Yerli düşüncede taraf, milli duygularda hassasiyet sahibi oldu. Geniş bir yazar kadrosuyla gençlerin anlayabileceği bir dile ulaşmaya çabaladı. Kendine ait bir görsel karakter oluşturdu. İllüstrasyonlar, kolajlar, hareketli sayfalarla günümüzün dilini yakalamaya çabaladı. Hâkim kültürel dilin yalnızca psikolojik bir üstünlük gözettiğini sürekli okuruna hatırlatıp, bu toprakların insanına özgüven kazandırmak için çabaladı. Verili ve tek sesli
kültürle kavga etti her zaman. 28 Şubat'ta sesi kısılanların sesi, 15 Temmuz'da hakları ve hayatları ellerinden alınmak isteyenlerin yakınıydı.
Batılı bütün siyasi retoriklerin karşısında durarak, yerli retoriğin inşa edilmesinin en büyük destekçilerinden biri oldu.
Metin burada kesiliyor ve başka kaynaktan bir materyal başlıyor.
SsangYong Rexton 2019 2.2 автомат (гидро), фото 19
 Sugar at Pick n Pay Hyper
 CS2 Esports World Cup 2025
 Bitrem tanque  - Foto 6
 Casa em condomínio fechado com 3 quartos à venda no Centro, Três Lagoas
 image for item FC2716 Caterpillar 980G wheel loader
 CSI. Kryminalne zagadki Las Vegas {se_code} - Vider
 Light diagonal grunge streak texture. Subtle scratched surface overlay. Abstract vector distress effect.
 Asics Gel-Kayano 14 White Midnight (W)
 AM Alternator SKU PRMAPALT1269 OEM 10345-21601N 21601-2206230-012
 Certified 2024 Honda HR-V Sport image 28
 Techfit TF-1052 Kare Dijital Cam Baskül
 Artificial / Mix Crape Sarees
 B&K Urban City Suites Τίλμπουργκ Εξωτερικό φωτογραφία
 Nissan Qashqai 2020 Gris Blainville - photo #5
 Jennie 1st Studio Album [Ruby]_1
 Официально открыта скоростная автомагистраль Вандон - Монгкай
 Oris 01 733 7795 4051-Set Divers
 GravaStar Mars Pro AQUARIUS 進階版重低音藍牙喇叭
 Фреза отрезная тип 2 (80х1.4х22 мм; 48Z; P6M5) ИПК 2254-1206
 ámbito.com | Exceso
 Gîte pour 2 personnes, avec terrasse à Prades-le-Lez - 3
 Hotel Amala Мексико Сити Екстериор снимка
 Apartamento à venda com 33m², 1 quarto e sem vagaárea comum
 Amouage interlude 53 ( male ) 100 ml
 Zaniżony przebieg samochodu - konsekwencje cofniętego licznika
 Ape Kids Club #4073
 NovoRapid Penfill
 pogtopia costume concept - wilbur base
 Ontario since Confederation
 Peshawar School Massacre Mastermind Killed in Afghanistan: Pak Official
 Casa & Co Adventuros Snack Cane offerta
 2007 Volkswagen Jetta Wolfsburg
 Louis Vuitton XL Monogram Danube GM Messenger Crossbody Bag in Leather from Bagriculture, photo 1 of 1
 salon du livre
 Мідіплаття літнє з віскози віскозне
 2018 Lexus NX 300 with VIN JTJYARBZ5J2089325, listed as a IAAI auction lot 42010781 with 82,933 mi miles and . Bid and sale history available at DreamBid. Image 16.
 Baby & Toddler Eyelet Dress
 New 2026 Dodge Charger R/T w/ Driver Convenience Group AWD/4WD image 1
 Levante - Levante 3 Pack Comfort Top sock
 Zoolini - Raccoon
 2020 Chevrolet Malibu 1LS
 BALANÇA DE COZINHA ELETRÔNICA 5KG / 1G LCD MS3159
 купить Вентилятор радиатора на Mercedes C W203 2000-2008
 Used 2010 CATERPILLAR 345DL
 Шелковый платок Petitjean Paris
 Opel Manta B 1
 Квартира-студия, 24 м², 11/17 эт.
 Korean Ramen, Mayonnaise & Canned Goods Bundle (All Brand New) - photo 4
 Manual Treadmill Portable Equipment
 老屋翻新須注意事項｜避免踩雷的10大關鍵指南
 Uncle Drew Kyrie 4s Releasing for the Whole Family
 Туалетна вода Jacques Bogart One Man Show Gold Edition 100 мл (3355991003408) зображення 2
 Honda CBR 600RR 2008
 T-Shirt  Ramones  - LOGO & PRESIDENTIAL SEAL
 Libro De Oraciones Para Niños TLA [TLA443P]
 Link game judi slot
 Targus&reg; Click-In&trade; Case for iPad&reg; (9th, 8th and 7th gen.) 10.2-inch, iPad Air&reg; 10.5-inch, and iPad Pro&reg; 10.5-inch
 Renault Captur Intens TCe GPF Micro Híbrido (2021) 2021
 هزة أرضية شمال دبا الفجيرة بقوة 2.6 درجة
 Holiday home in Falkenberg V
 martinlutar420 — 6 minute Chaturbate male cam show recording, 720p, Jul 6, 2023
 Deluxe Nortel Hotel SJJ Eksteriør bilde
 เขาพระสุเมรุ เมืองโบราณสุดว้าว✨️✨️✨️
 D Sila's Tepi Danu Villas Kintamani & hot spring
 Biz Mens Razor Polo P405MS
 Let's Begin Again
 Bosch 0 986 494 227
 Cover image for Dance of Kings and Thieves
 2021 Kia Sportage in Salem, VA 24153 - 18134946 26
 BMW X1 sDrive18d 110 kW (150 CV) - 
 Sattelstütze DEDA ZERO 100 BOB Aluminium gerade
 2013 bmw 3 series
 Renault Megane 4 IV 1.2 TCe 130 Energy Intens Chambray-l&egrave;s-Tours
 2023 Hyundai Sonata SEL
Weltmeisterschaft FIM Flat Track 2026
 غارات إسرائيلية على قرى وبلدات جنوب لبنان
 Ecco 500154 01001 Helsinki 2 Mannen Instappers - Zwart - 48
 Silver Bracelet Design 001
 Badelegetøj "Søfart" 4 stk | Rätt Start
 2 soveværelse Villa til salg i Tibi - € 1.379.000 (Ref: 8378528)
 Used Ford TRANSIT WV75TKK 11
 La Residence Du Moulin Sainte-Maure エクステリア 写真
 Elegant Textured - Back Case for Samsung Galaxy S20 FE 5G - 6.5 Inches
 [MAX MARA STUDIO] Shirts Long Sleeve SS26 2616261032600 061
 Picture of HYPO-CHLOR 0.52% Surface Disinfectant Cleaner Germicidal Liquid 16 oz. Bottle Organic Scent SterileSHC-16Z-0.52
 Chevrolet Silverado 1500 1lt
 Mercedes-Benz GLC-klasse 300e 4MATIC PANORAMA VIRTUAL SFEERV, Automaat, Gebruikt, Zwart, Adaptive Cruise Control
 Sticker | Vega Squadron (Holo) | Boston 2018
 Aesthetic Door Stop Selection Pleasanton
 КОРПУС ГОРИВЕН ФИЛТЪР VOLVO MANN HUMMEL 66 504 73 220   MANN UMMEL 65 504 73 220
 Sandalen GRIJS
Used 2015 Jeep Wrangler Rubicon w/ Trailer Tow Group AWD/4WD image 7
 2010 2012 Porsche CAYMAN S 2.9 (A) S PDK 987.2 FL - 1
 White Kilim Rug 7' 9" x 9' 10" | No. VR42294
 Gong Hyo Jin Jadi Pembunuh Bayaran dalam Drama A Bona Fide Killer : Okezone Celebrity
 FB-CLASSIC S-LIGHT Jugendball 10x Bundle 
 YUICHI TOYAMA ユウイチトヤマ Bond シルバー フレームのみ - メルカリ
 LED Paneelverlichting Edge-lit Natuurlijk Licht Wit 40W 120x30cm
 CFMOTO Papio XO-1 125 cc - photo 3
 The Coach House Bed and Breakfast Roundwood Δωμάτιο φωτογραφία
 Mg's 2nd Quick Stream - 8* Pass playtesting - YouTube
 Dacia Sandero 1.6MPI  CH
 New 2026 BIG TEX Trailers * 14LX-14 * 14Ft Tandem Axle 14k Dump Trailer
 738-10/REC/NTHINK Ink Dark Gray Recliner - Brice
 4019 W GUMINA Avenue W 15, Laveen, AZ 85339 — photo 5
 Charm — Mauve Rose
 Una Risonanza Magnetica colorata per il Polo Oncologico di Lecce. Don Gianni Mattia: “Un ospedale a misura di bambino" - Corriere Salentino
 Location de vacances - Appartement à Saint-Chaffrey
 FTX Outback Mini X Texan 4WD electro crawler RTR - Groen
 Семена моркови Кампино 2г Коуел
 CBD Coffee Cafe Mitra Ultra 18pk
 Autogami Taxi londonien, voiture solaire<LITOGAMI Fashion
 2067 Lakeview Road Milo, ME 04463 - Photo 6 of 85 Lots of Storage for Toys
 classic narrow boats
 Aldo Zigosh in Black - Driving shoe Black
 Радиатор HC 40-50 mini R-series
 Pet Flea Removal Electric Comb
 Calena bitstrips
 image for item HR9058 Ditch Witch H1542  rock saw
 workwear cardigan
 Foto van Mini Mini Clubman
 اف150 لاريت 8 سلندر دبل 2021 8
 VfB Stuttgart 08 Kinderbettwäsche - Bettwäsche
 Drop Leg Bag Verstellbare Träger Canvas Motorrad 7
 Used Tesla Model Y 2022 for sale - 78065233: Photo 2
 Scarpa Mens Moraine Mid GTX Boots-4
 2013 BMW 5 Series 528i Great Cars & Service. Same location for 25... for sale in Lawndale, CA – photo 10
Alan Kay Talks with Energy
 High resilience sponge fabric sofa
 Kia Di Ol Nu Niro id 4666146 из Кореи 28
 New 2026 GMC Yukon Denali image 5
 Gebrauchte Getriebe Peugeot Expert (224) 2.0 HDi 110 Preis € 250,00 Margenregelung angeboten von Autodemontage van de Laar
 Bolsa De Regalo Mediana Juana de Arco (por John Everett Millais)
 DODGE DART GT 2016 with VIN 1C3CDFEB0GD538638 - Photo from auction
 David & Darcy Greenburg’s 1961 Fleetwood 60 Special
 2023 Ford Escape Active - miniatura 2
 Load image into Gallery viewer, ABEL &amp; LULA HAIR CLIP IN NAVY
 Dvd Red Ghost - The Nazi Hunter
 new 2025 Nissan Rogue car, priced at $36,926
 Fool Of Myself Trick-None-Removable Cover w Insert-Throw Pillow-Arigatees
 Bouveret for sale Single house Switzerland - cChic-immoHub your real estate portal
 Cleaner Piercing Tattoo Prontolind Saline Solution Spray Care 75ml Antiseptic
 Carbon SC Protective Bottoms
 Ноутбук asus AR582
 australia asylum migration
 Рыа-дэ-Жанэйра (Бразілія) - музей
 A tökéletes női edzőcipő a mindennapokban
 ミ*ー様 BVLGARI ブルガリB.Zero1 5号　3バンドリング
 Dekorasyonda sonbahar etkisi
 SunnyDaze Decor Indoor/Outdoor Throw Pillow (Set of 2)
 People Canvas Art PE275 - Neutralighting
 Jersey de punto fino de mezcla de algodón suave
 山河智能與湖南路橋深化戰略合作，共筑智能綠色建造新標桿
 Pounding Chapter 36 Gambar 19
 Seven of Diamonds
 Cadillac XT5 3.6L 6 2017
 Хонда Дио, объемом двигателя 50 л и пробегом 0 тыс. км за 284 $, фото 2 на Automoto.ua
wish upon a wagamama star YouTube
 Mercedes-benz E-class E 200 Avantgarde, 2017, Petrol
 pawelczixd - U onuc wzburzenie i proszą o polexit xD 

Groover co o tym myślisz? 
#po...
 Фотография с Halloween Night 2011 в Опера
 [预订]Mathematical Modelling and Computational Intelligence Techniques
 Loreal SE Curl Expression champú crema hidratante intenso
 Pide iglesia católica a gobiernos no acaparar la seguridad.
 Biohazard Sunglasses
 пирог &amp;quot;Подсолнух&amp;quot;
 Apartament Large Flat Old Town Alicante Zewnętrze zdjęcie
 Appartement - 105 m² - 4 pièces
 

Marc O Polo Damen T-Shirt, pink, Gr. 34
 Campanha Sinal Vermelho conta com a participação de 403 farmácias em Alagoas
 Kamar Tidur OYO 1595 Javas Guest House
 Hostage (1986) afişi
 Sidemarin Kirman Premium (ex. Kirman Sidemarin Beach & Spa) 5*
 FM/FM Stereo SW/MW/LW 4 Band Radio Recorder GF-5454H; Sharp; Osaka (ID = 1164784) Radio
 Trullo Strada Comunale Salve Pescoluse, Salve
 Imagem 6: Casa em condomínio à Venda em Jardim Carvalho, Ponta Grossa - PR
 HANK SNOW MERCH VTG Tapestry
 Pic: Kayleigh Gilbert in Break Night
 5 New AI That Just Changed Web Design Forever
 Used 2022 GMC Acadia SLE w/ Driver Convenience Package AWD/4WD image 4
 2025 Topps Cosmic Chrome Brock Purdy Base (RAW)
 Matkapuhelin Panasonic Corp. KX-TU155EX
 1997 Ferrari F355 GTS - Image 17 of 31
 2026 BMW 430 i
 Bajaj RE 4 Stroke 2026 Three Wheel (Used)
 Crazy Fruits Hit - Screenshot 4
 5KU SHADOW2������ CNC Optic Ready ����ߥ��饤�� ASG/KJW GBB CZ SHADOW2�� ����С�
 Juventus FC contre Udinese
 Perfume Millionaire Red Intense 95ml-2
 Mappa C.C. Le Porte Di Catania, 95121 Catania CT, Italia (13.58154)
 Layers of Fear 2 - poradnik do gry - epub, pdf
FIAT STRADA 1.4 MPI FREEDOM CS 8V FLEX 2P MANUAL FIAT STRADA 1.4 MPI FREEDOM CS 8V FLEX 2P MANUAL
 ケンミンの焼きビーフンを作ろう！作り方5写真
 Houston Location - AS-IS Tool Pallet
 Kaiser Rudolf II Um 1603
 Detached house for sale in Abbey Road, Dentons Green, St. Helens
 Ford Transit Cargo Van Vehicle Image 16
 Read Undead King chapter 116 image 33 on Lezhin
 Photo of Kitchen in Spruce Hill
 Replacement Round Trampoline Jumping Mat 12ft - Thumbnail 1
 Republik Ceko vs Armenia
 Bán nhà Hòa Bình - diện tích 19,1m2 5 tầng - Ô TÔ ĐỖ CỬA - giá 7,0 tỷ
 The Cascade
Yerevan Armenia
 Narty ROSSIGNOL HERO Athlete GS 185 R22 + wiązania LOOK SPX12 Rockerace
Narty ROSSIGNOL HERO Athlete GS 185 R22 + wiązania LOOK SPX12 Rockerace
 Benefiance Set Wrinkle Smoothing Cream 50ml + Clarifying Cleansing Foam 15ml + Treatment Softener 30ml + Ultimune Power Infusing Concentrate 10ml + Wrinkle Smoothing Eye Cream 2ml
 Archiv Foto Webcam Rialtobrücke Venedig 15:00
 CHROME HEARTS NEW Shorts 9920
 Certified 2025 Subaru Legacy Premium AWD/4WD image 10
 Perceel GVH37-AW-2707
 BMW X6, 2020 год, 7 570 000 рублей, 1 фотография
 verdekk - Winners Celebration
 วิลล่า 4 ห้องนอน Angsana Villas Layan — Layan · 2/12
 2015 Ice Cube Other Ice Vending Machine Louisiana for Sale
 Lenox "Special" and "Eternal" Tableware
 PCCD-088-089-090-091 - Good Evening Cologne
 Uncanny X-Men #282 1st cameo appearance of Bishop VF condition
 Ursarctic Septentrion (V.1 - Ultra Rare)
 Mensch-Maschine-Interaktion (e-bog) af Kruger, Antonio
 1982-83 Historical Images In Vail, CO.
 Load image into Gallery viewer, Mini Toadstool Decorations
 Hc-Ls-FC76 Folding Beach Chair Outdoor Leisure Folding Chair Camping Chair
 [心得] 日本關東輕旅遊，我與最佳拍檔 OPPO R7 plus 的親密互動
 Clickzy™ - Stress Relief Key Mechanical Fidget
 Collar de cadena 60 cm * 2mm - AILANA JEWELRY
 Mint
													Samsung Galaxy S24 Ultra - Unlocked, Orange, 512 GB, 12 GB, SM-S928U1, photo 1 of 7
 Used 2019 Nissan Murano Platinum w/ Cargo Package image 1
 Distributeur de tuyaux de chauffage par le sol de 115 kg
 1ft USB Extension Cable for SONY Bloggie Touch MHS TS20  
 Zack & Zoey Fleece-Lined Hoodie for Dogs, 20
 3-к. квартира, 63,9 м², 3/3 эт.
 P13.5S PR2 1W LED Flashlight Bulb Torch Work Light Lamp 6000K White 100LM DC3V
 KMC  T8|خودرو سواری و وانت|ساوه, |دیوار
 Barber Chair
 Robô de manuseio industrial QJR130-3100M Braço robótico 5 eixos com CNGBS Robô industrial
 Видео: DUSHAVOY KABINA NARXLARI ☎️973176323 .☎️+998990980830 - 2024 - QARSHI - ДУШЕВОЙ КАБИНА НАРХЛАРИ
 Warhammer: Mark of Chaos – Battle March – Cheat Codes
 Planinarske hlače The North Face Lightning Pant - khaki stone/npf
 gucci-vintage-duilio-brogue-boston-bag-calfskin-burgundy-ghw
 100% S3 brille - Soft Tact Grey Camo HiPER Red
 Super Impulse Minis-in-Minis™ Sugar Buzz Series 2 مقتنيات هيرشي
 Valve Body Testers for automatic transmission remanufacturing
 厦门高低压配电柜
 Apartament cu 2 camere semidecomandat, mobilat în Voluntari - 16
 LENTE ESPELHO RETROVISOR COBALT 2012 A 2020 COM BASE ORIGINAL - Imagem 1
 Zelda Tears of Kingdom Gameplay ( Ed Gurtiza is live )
Yeni Dünya Düzeni, Modern
Kültler, Kafkasya, İslamofobi, Aile, Algı Yönetimi, Cinsiyetsiz Toplum gibi sayılarıyla okurunun ilgisini topladı. Lacivert dergi bugün 100. sayısında şu soruları yeniden sormak istiyor: Dünya'daki konumunu hiç düşündün mü? Seni hangi kültür var etti? Bu topraklarda yaşama sebebini biliyor musun?
Nerenin yerlisi, hangi düşüncenin insanısın? Düşüncelerini sen mi belirliyorsun yoksa reklamcılar mı? Küresel dünyada durduğun yerden ürküyor musun, yoksa duruşundan ürküyorlar mı? Senin hikâyen ne? İnançlarını sorgulayanlara bir cevap verebilecek misin?